→ Work to complete:
Return all the entries exactly, keeping pictures out.

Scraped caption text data
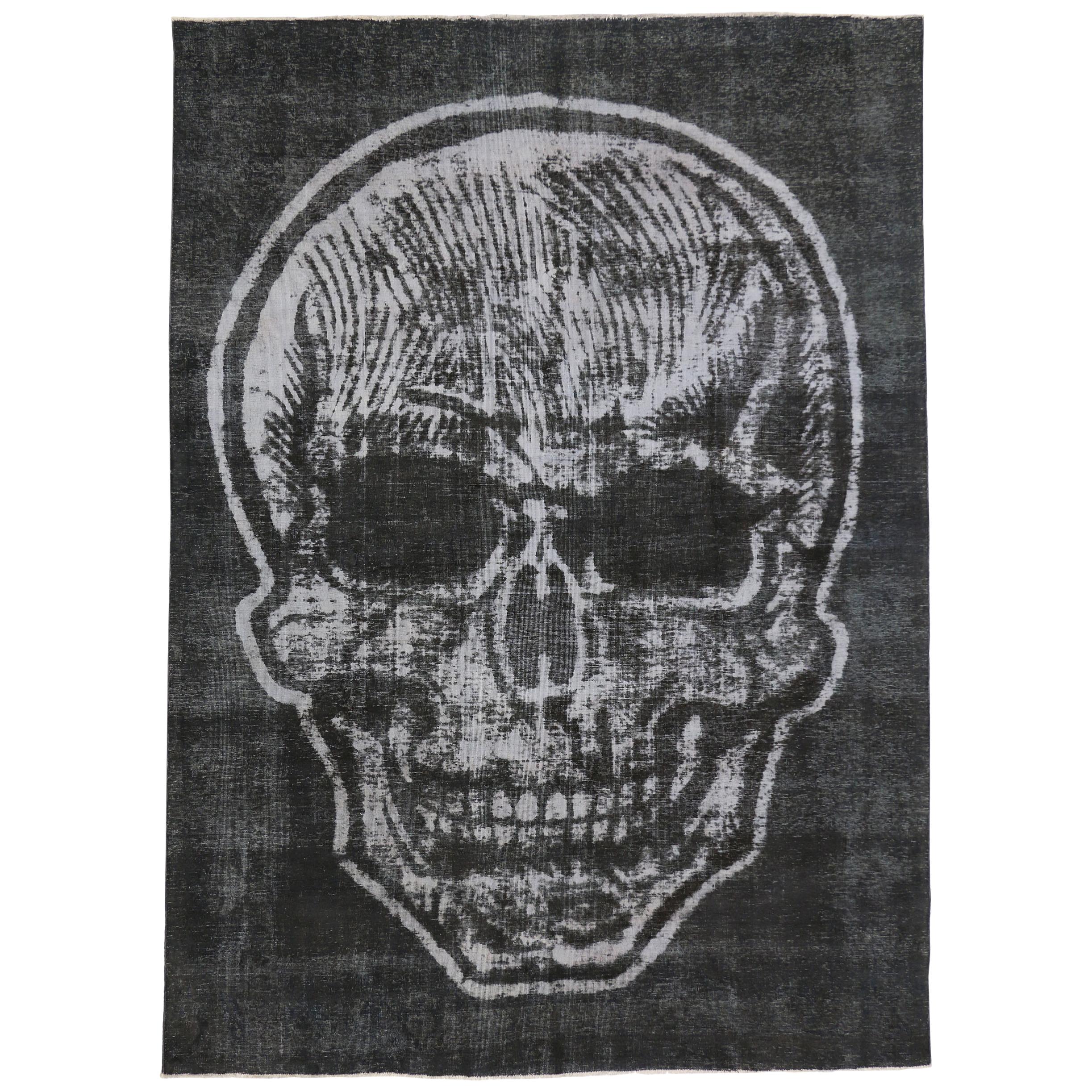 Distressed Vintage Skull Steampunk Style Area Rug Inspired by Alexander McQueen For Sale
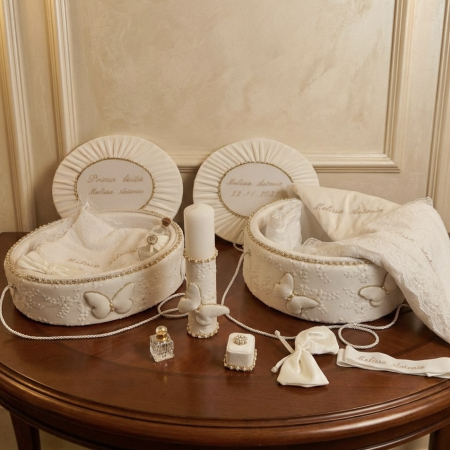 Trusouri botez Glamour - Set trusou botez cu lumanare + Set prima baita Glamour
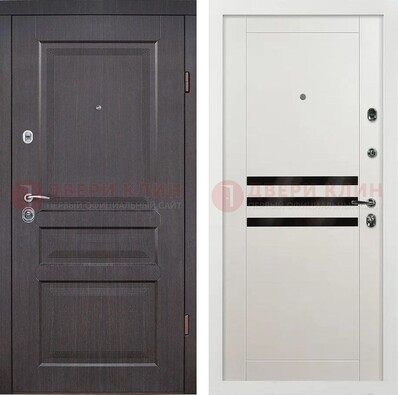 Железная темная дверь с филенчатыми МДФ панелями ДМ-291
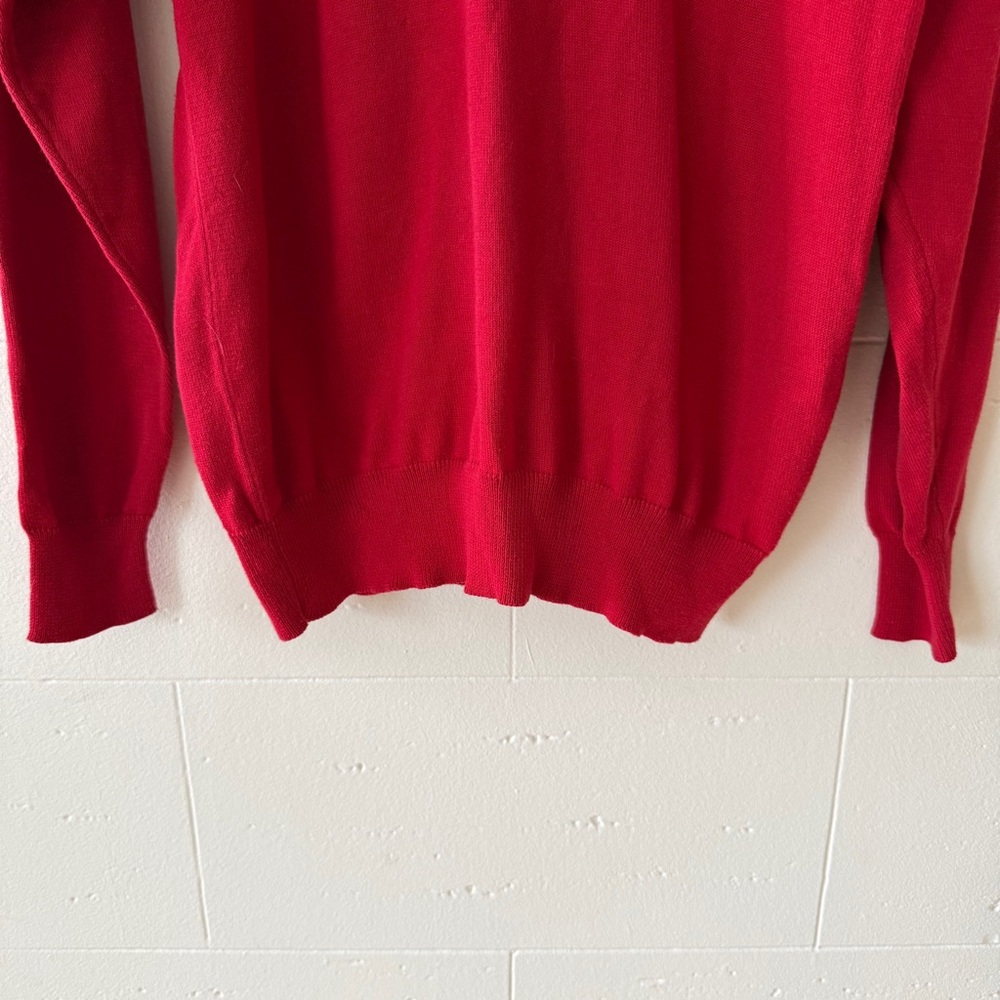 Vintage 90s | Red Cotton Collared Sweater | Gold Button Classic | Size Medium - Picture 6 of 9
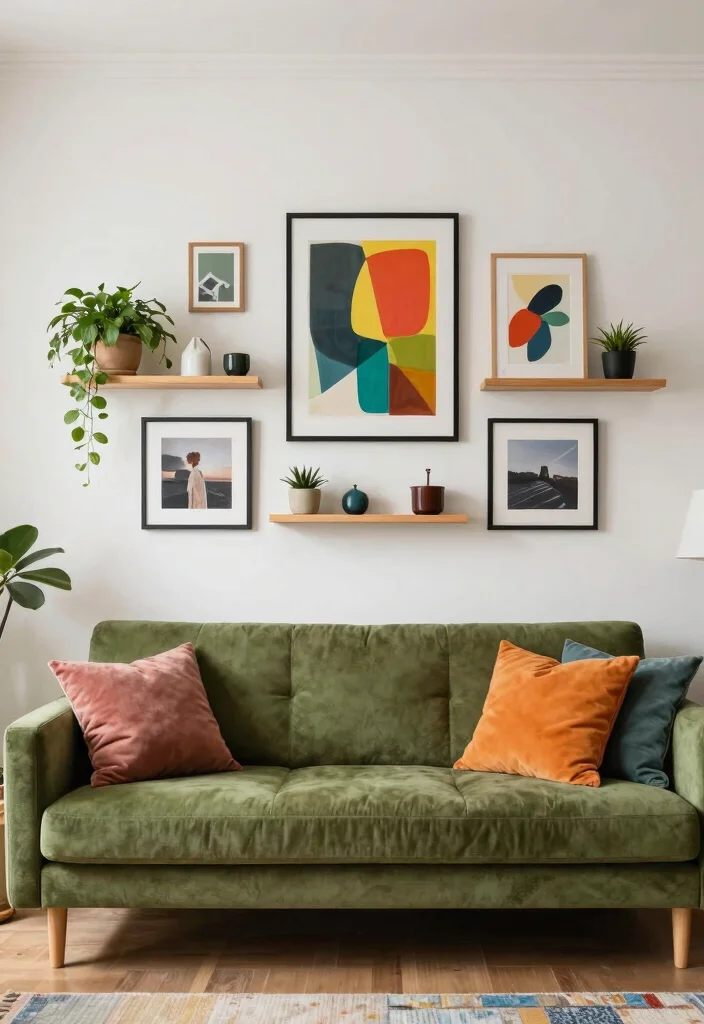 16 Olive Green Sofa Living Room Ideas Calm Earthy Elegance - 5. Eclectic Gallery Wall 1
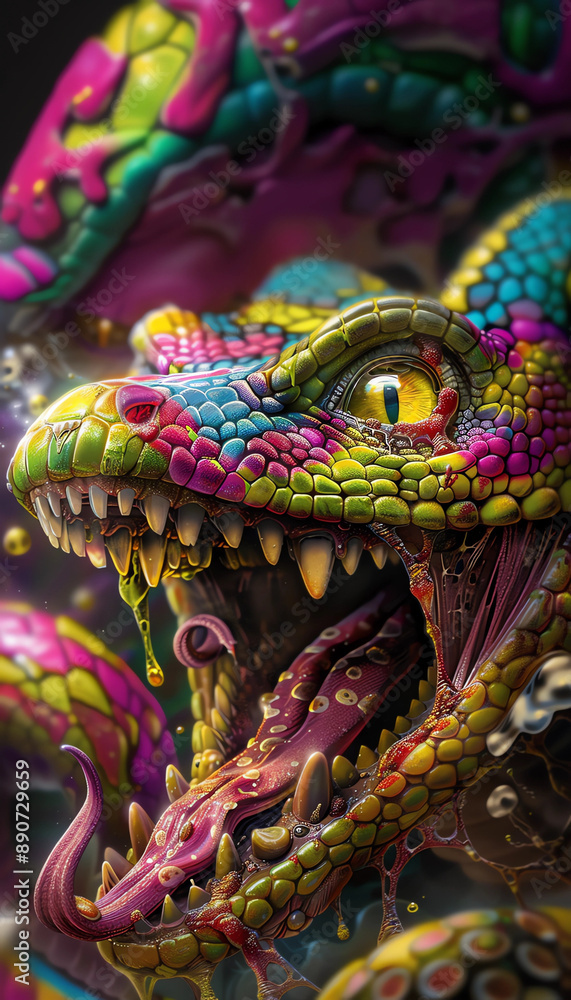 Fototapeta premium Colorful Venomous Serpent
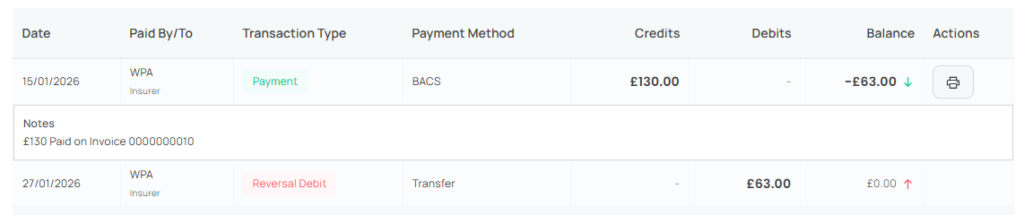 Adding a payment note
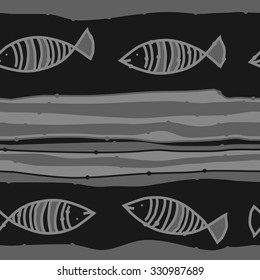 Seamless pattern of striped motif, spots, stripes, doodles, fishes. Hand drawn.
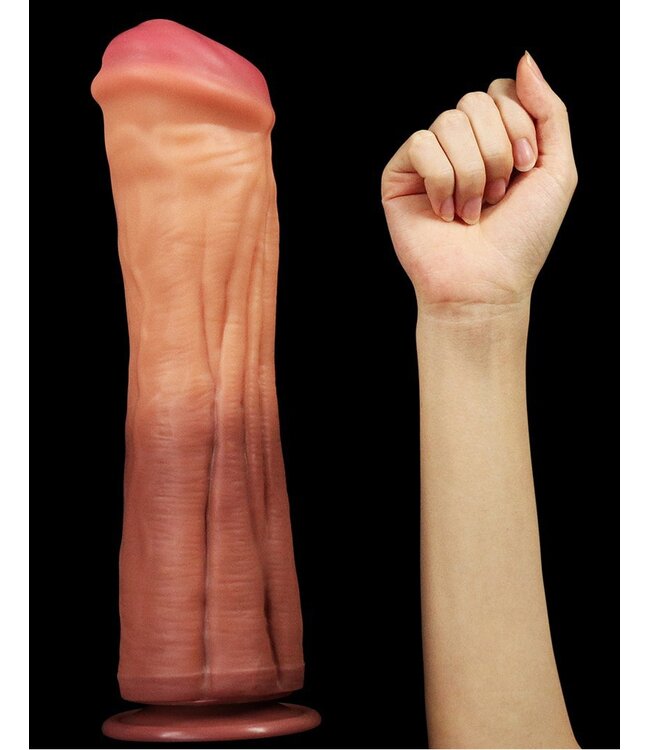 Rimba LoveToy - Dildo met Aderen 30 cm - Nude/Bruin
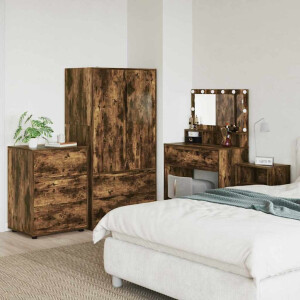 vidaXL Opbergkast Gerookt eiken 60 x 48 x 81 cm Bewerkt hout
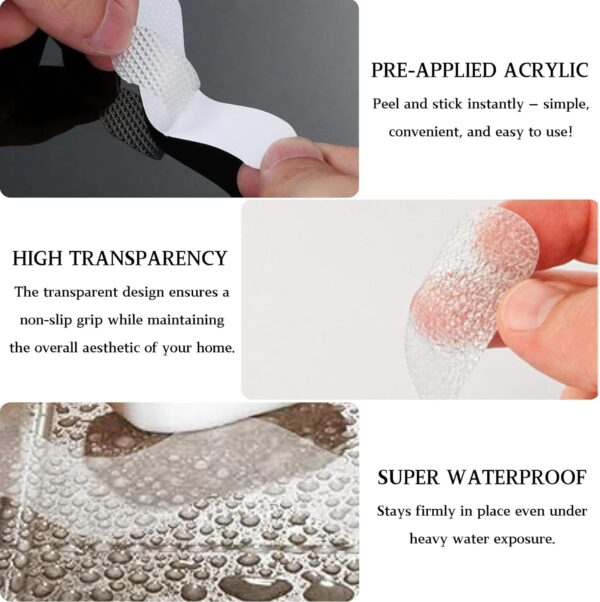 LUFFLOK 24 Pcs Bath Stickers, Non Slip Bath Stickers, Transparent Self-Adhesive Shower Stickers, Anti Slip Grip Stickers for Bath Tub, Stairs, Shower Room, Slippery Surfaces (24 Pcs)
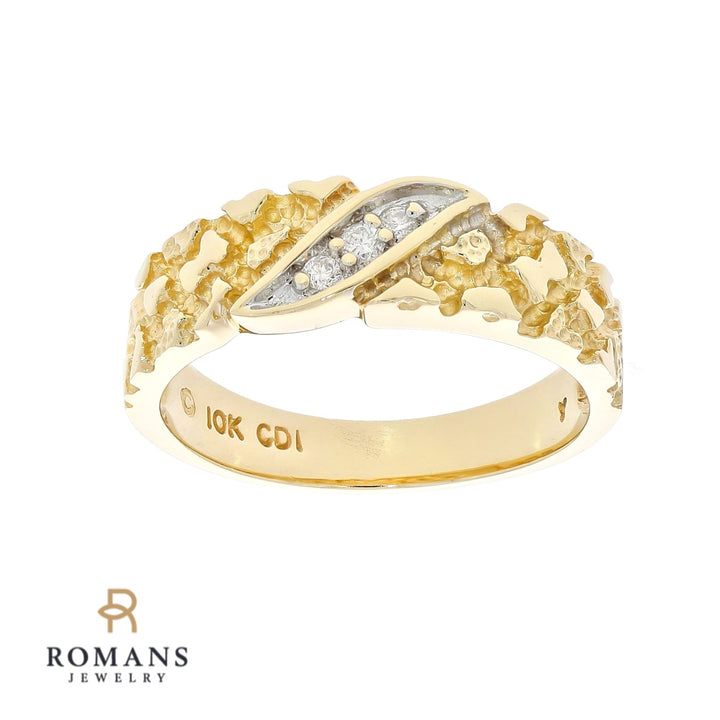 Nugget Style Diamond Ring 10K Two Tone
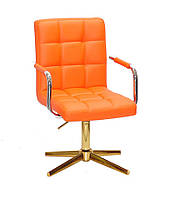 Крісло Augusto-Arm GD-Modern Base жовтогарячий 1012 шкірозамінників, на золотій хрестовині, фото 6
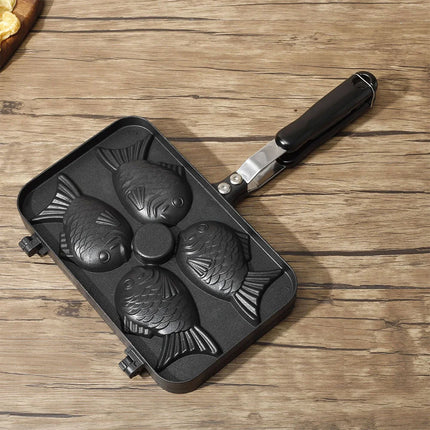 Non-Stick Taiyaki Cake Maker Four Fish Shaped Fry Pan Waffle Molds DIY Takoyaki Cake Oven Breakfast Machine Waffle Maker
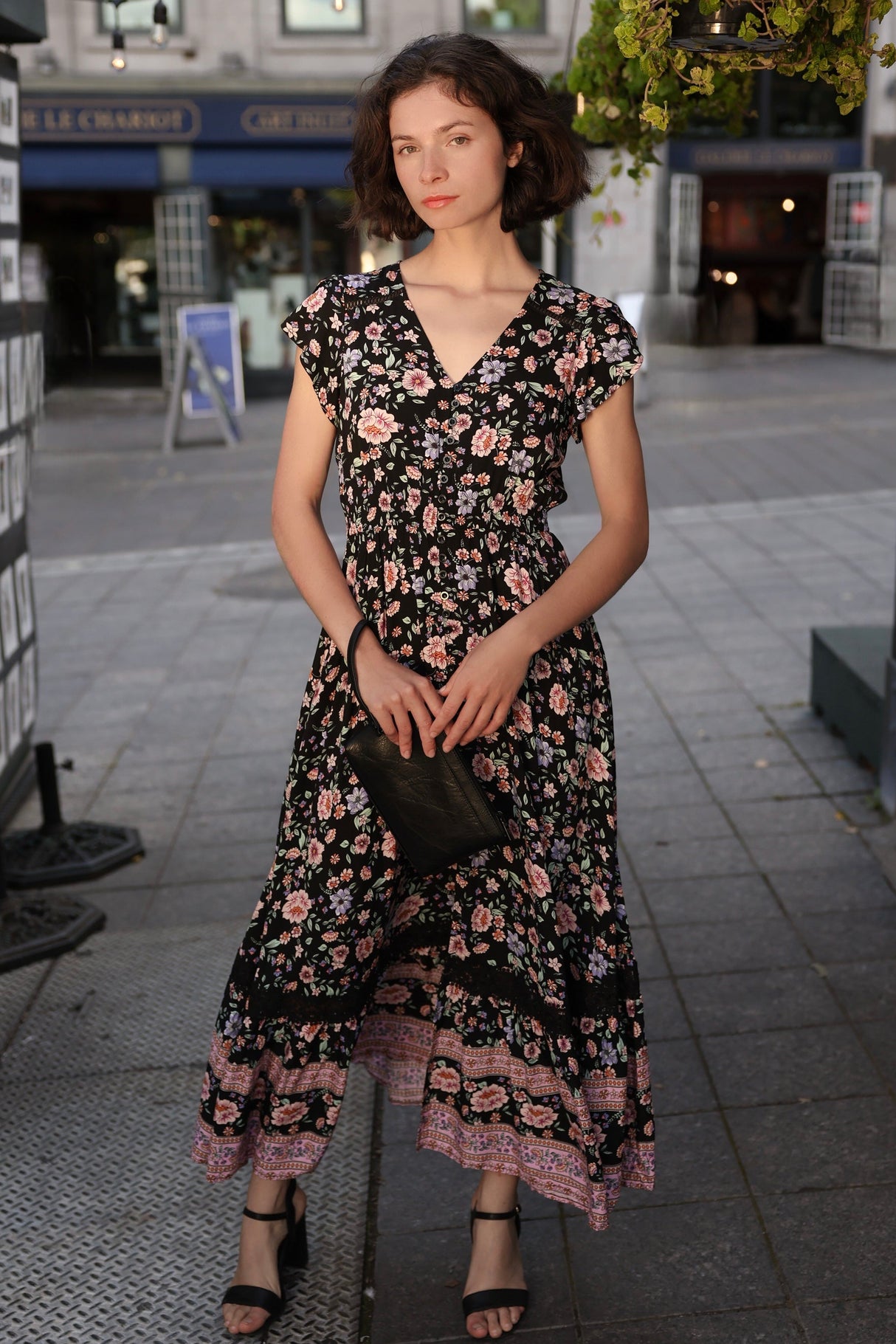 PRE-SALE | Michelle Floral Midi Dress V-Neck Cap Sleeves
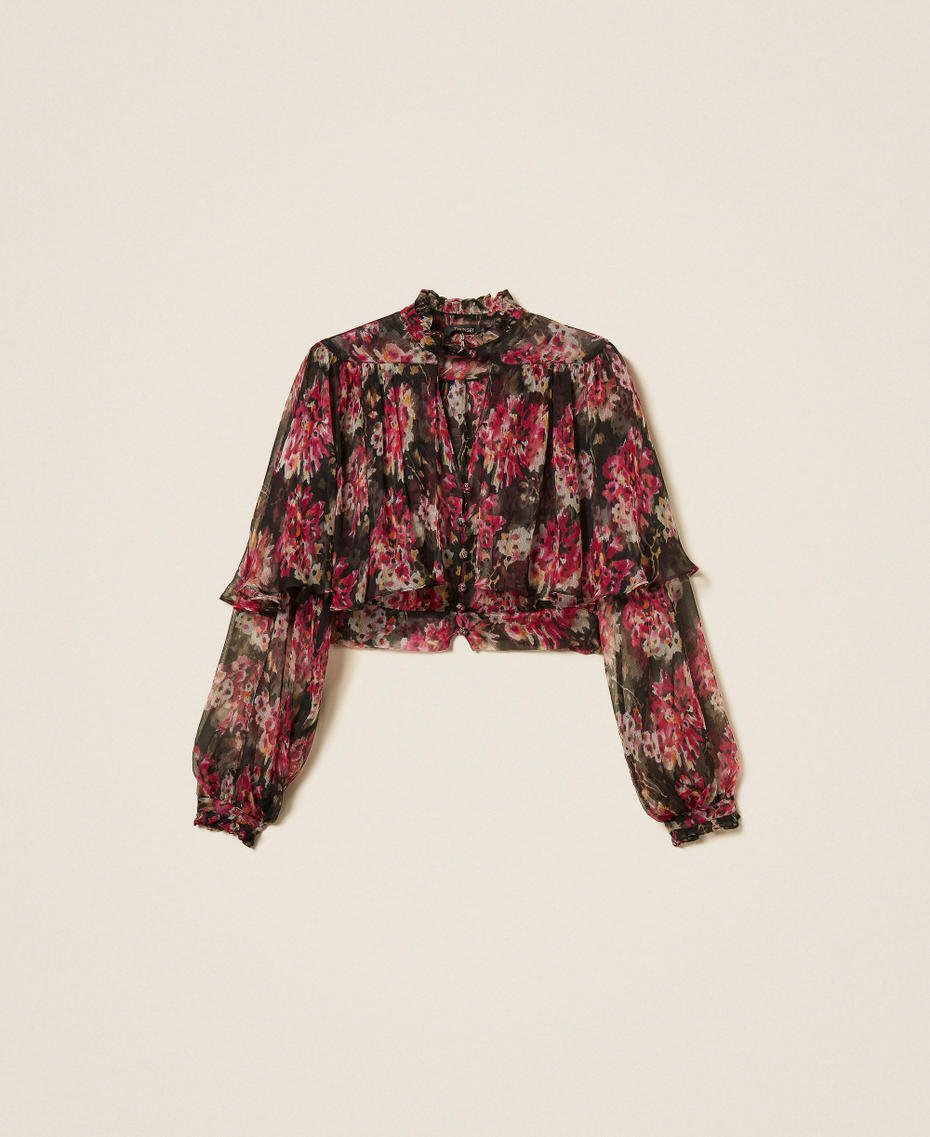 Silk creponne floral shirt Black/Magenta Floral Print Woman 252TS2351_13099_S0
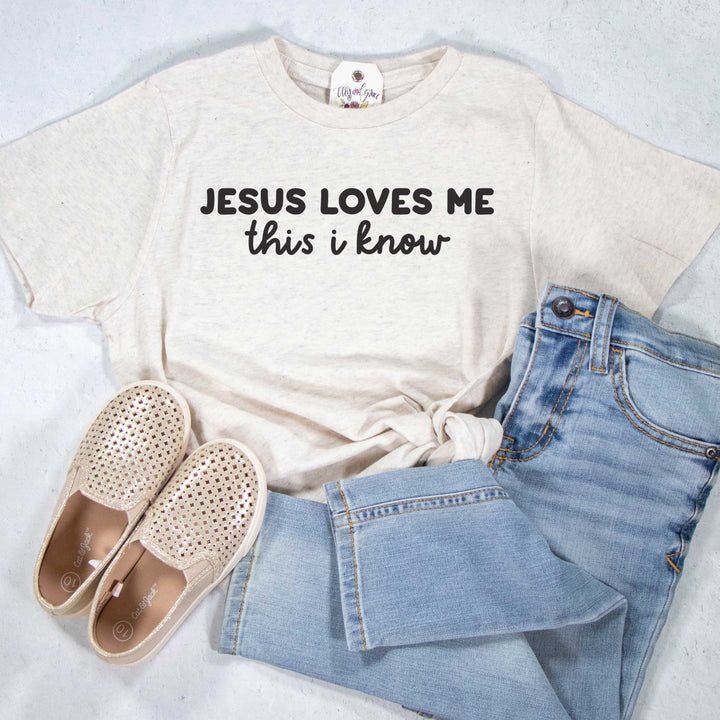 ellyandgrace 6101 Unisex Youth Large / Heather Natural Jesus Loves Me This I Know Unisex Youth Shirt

→ Reply to the task:
 Distressed Vintage Skull Steampunk Style Area Rug Inspired by Alexander McQueen For Sale
 Trusouri botez Glamour - Set trusou botez cu lumanare + Set prima baita Glamour
 Железная темная дверь с филенчатыми МДФ панелями ДМ-291
 Vintage 90s | Red Cotton Collared Sweater | Gold Button Classic | Size Medium - Picture 6 of 9
 16 Olive Green Sofa Living Room Ideas Calm Earthy Elegance - 5. Eclectic Gallery Wall 1
 Fototapeta premium Colorful Venomous Serpent
 Adding a payment note
 Seamless pattern of striped motif, spots, stripes, doodles, fishes. Hand drawn.
 Rimba LoveToy - Dildo met Aderen 30 cm - Nude/Bruin
 vidaXL Opbergkast Gerookt eiken 60 x 48 x 81 cm Bewerkt hout
 LUFFLOK 24 Pcs Bath Stickers, Non Slip Bath Stickers, Transparent Self-Adhesive Shower Stickers, Anti Slip Grip Stickers for Bath Tub, Stairs, Shower Room, Slippery Surfaces (24 Pcs)
 Nugget Style Diamond Ring 10K Two Tone
 Крісло Augusto-Arm GD-Modern Base жовтогарячий 1012 шкірозамінників, на золотій хрестовині, фото 6
 Non-Stick Taiyaki Cake Maker Four Fish Shaped Fry Pan Waffle Molds DIY Takoyaki Cake Oven Breakfast Machine Waffle Maker
 PRE-SALE | Michelle Floral Midi Dress V-Neck Cap Sleeves
 Silk creponne floral shirt Black/Magenta Floral Print Woman 252TS2351_13099_S0
 ellyandgrace 6101 Unisex Youth Large / Heather Natural Jesus Loves Me This I Know Unisex Youth Shirt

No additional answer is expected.